One other reason the group was protesting was because of a threat made by Reidsville Police Department, according to Hathaway. She said RPD told Jamie Funkhouser months ago he was not to step off a six inch slab of concrete which encompasses where the monument once stood. An officer told the group the same thing, Sunday, and threatened arrests if they disobeyed. When asked if they could stand on the sidewalks around the intersection, Hathaway said she didn’t know the answer.

RPD Chief Edd Hunt said the answer is yes, and he prefers it. Hunt said Ordinance 11-15 protects city vegetation so the group can not stand on the flowers planted in the flower bed. They also can’t stand on the bricks around the base of the monument because it’s not a real sidewalk and considered part of the road.

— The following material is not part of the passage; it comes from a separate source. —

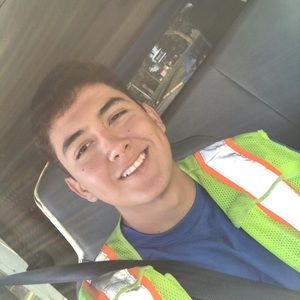 Meet your Posher, Luis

Hunt said twice, since the monument was knocked over, he has seen cars drive up and over the roundabout. This stopped when a planter was placed in the middle. However, tractor trailers often drive onto the bricks to get around the traffic-circle so this is about the protestors safety and not about keeping them on a six-inch piece of brick.

Hunt also addressed concerns seen on a blog recently, which said after Sunday’s protest flags were left behind and had been removed by RPD. Hunt said this was considered abandoned property left on city land, so they were removed, but the flaggers are more than welcome to come to the police station to pick them up.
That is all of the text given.